How to Parse and Generate XLS in Java?

POI provides all-around functionalities for parsing and generating xls file. The problem is that it has a too low-level API that makes users write a lot of code from scratch even for the simple read/write actions. And to be all-around means that every detail needs to be taken care of, leading to complicated, heavy, hard-coded details handling process. Another issue is that POI invests too much in configuring too many appearance properties, such as font, color, thickness and alignment, yet its data processing capabilities are not as professional as expected when data parsing and generation should have been the focus of such a tool. Hardcoding becomes the alternative again to reinforce the POI-based approach.

One idea is to encapsulate POI while offering a simplistic interface good at data processing. esProc SPL is just the desired open-source library.

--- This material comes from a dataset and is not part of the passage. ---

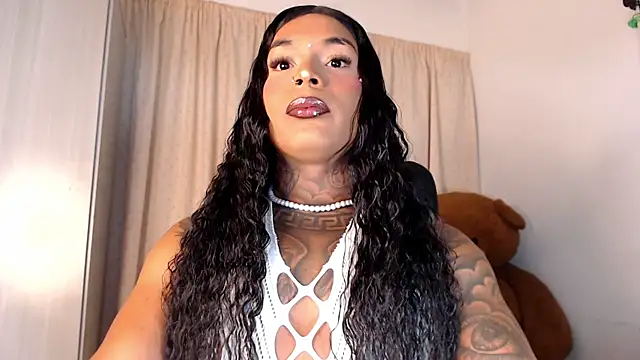 XXVIOLETTAXX online show from July 5, 2026, 6:31 am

With a rowwise xls file of regular format, SPL has T function to read data from it in the most concise way. Suppose we have an Excel file where each row is an order record and where the first row contains column headers. SPL only needs one single line of code to read the file:

=T("D:/Orders.xls")

With a rowwise xls file of irregular format, SPL offers xlsimport() function, which has a rich yet concise set of reading functionalities. Here are examples of some common scenarios:

\# To import a headerless file where the detail data begins directly from   the first row:

=file("D:/Orders.xlsx").xlsimport()

\# To import a file by skipping the first two rows containing the title:

=file("D:/Orders.xlsx").xlsimport@t(;,3)

\# To import rows from the 3rdto the 10th:

=file("D:/Orders.xlsx").xlsimport@t(;,3:10)

\# To import only three columns:

=file("D:/Orders.xlsx").xlsimport@t(OrderID,Amount,OrderDate)

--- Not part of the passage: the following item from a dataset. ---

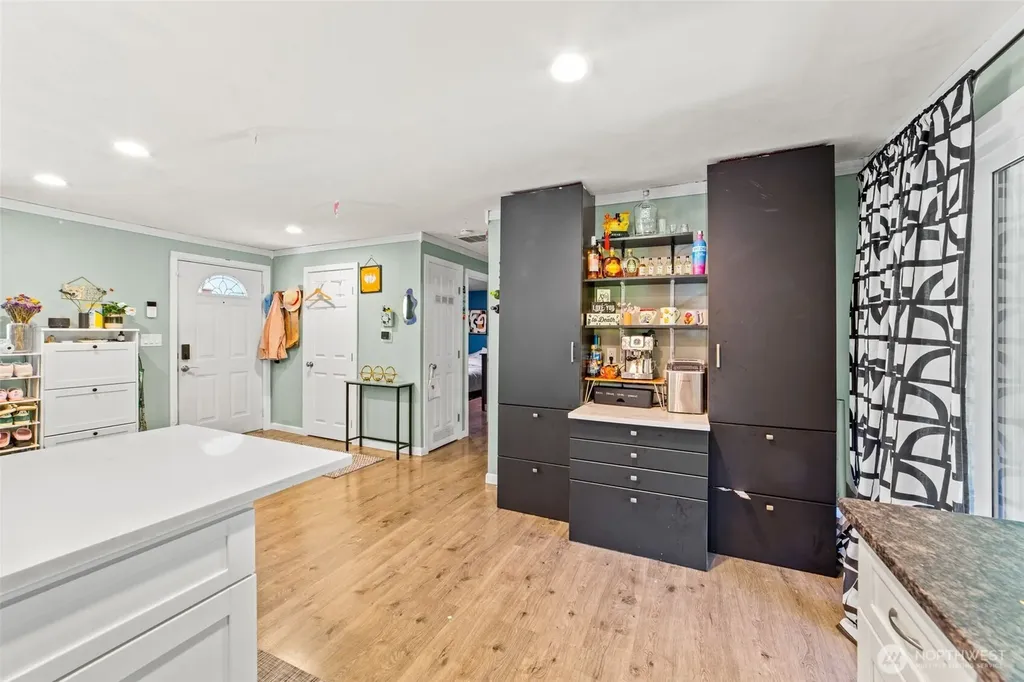 413 SW 305th Street Federal Way WA 98023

\# To import data of the specific sheet named "sheet3":

=file("D:/Orders.xlsx").xlsimport@t(;"sheet3")

The xlsimport function has more abilities – importing N rows backwards, opening a file using password, and importing data from a big file to name a few.

SPL offers JDBC driver to let users call SPL code from Java conveniently. To parse and compute records in an xls file, for instance:

…
Class.forName("com.esproc.jdbc.InternalDriver");
Connection connection =DriverManager.getConnection("jdbc:esproc:local://");
Statement statement = connection.createStatement();
String str="=T(\"D:/Orders.xls\").select(Amount>1000 && Amount<=3000 && like(Client,\"*S*\"))";
ResultSet result = statement.executeQuery(str);
…

Besides, query, grouping and joins are also SPL’s strong suit. But those are another topic. You can find relative discussions in SPL Excel Handling Examples.

 

With an xls file of unusually irregular format, SPL provides xlscell function to read data in a concise and flexible way. The function’s most basic use is to read and write data in a specified range of a given sheet. To read cell C2 in sheet 1, for instance, we have the following SPL statement:

=file("d:/orders.xlsx").xlsopen().xlscell("C2")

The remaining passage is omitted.